The Commission is working with the General Insurance Association to devise a structure for the catastrophe fund that best suits the unique exposures and demographics within the country. This will not be easy given the differing risk profiles in the regions within the country, for example the north is far more exposed to the severe flooding events than the southern states of Thailand. Meetings between the Commission and re/insurers discussed the principle, purpose and structure of the fund as well as how zoning can be used to make coverage accessible to all.
The Commission aims to launch the Thailand catastrophe fund with an initial size of 50 billion baht (approximately $1.57 billion). The fund will provide cover for the three main natural catastrophes to which Thailand is exposed, floods, wind storms and earthquakes. Cover will be available to households, businesses and the industrial factory complexes which were so hard hit in the recent flood event.
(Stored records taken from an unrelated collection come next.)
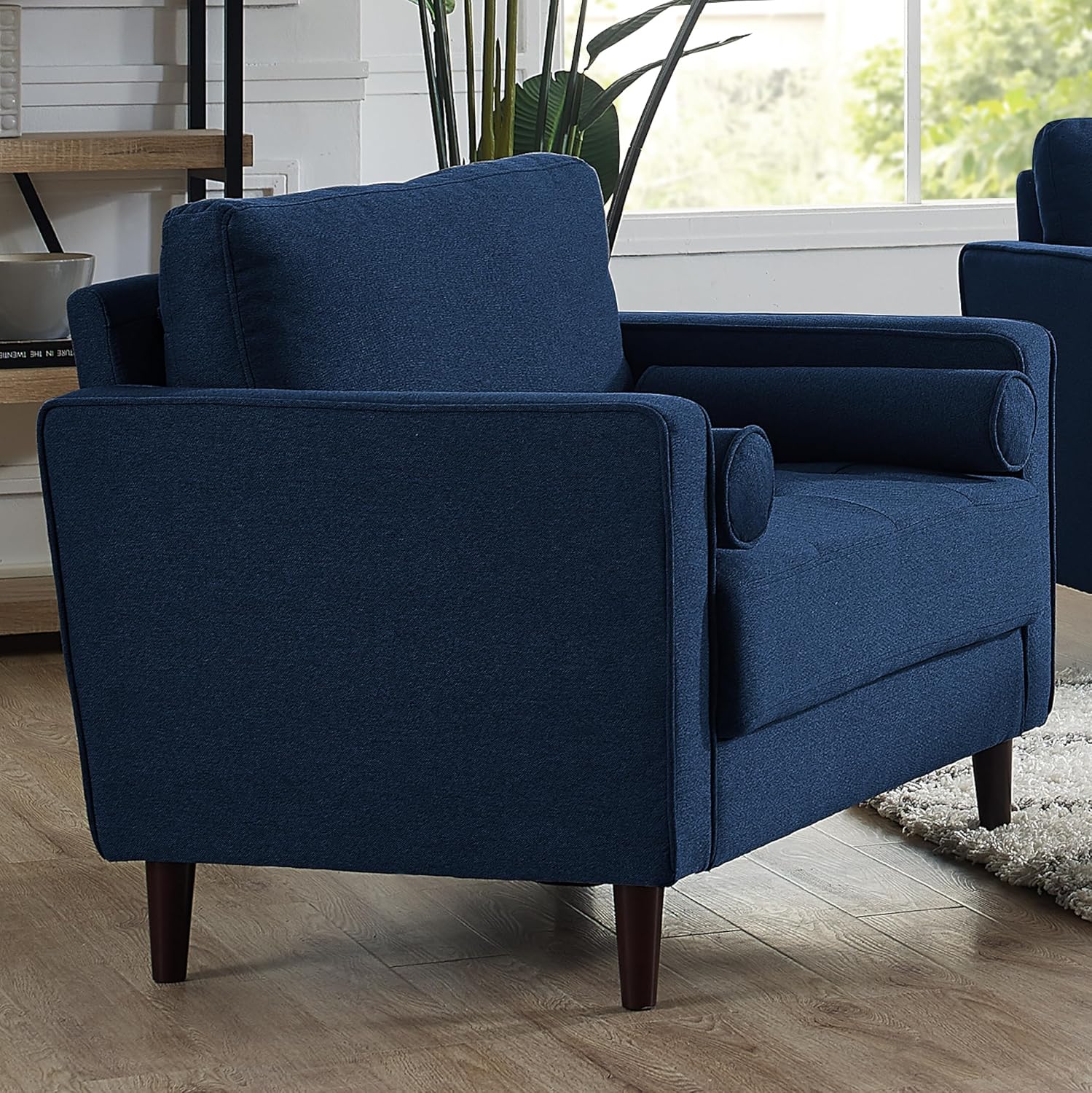 Studio Living® Lexington 39.4" Arm Chair, Mid-Century Modern, Pocket Coil Comfort, Easy Assembly, Woven Fabric, Navy Blue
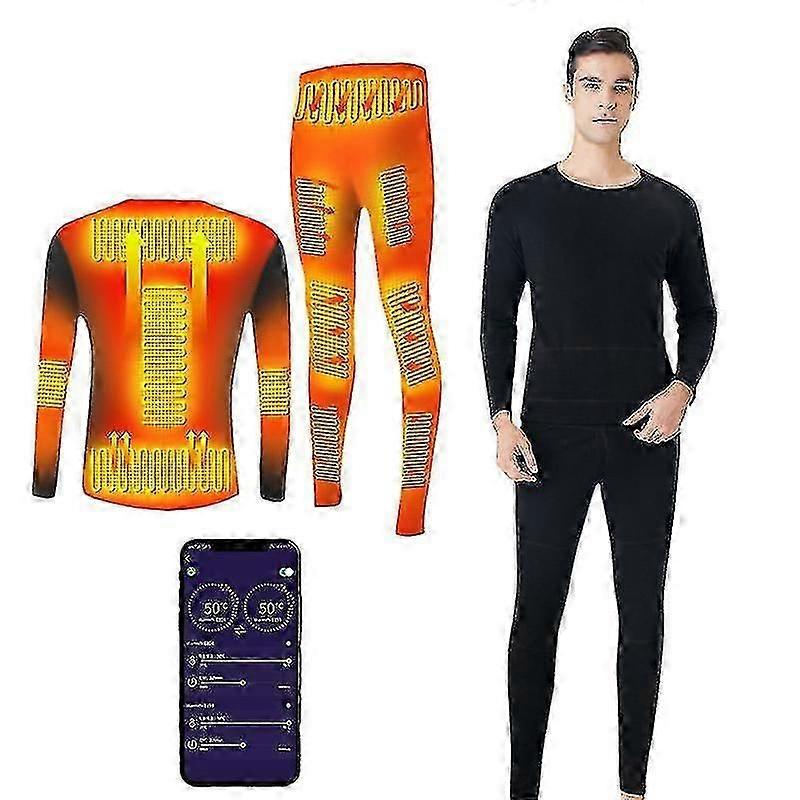Heating Thermal Underwear Set For Men ,usb Electric Heated Underwear Base Layer Top And Bottom Long Johns Set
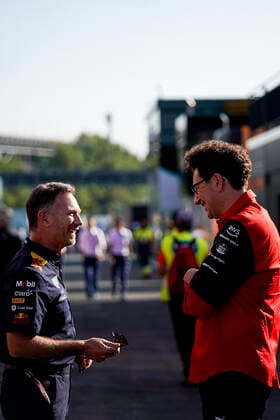 May 21, 2022, Montmelo, Spain: (L to R) CHRISTIAN HORNER, Red Bull Racing Team Principal and MATTIA BINOTTO, Scuderia Ferrari Team Principal are seen before qualifying of the 2022 FIA Formula 1 Spanish Grand Prix at Circuit de Barcelona - Catalunya in Montmelo, Italy. Montmelo Spain - ZUMAg147 20220521_zap_g147_004 Copyright: xJamesxGasperottix
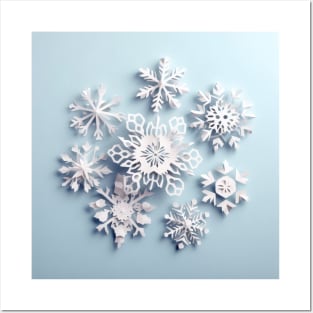 Paper Snowflake Delights Posters and Art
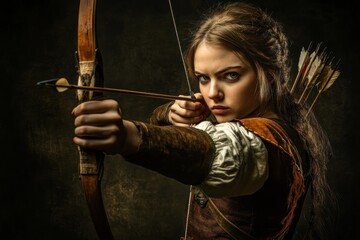 Focused young female archer aiming an arrow ahead.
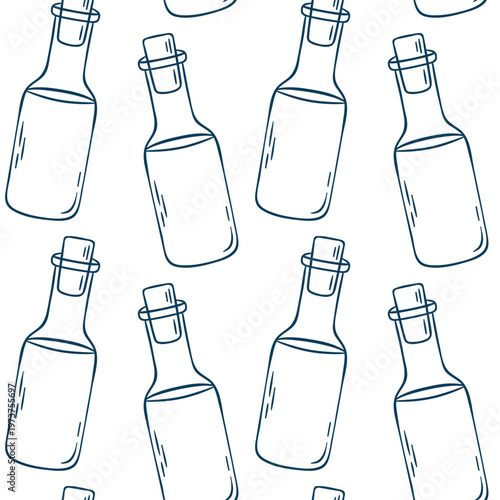 Mediterranean doodle pattern featuring classic oil bottles. Clean sketch repeat for food labels or Spanish restaurant menus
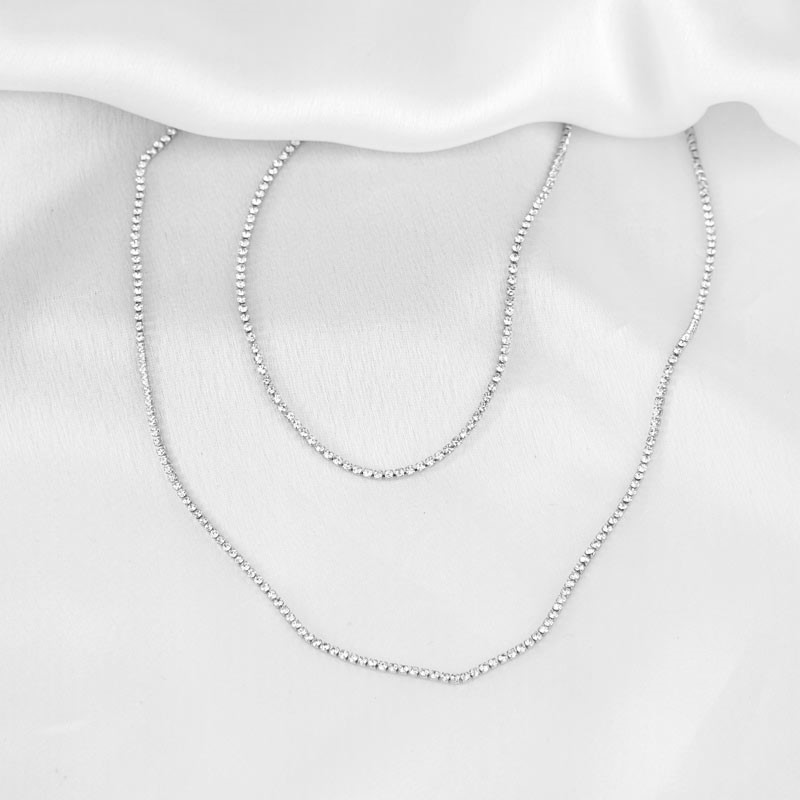 Particle Glimmer Chain 71 cm Stainless Steel Necklace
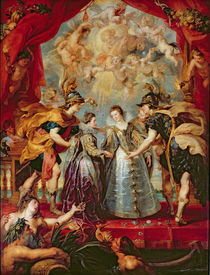 The Medici Cycle: Exchange of the Two Princesses of France and Spain von Peter Paul Rubens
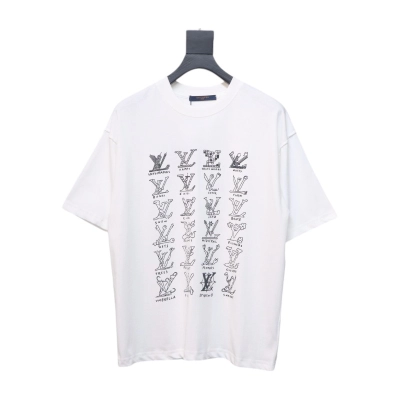 Louis Vuitton full letter logo print short sleeve White 01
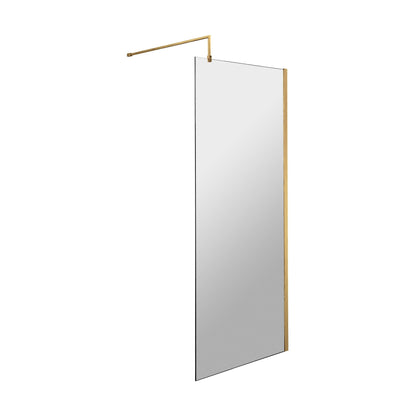 [BEWS18760BB] Balterley 8mm Toughened Safety Glass Wetroom Screen with Support Bar: 760mm x 1850mm, Brushed Brass - Cutout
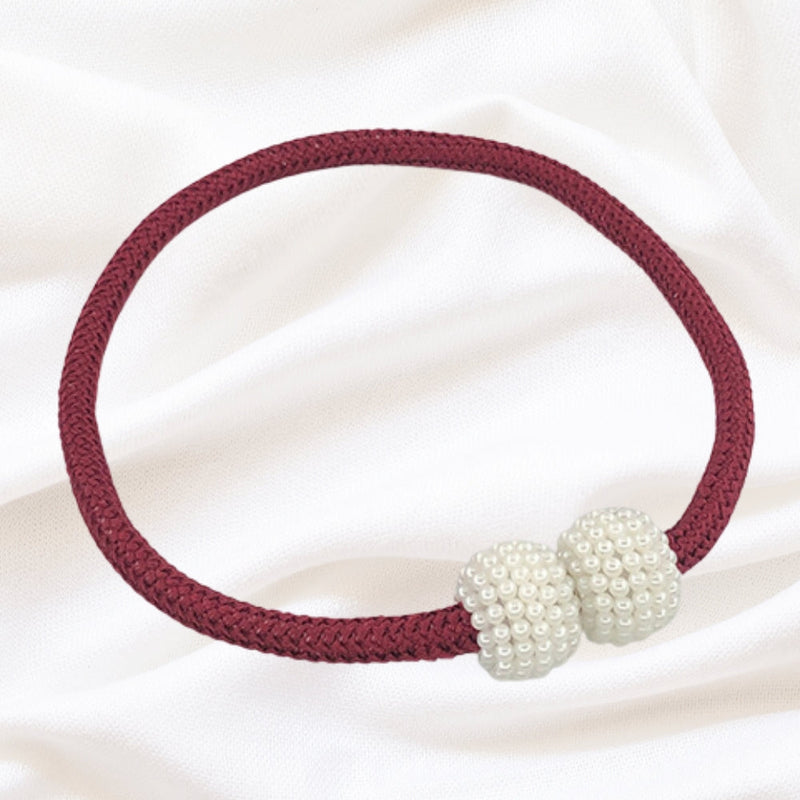 Magnetic Pearl Curtain Tie Backs | No-Hook, 2-Pack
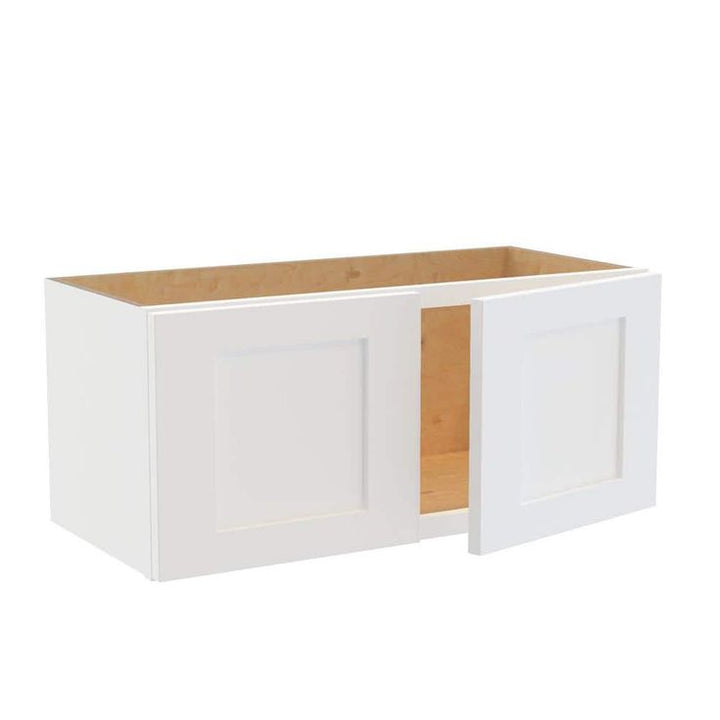 Home Decorators Collection Newport 27 in. W x 12 in. D x 12 in. H Assembled Plywood Wall Bridge Kitchen Cabinet in Pacific White with Soft Close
Sub limits are being set for each type of target policyholder and the catastrophe fund is being structured using a tiered approach that will see insurance companies liable for the first 2 billion baht of catastrophe losses, the catastrophe fund will step in for losses between 2 billion and 30 billion baht while for losses above that (and according to the Commission up to a limit of 500 billion baht which is over $15 billion) the catastrophe fund will seek reinsurance in the global reinsurance markets.
The catastrophe fund may struggle to secure that level of reinsurance coverage in the current market at a reasonable cost as rates for Thai exposures have risen after the floods. This may lead the Commission to explore the use of the alternative risk transfer and capital markets to provide this funding either through some sort of risk pooling or even instruments such as catastrophe bonds.
If successful this catastrophe fund initiative will eventually result in a much larger amount of Thai catastrophe risk being ceded into the reinsurance markets, as it helps to raise insurance penetration in the country, than before which could bring new opportunities to reinsurers.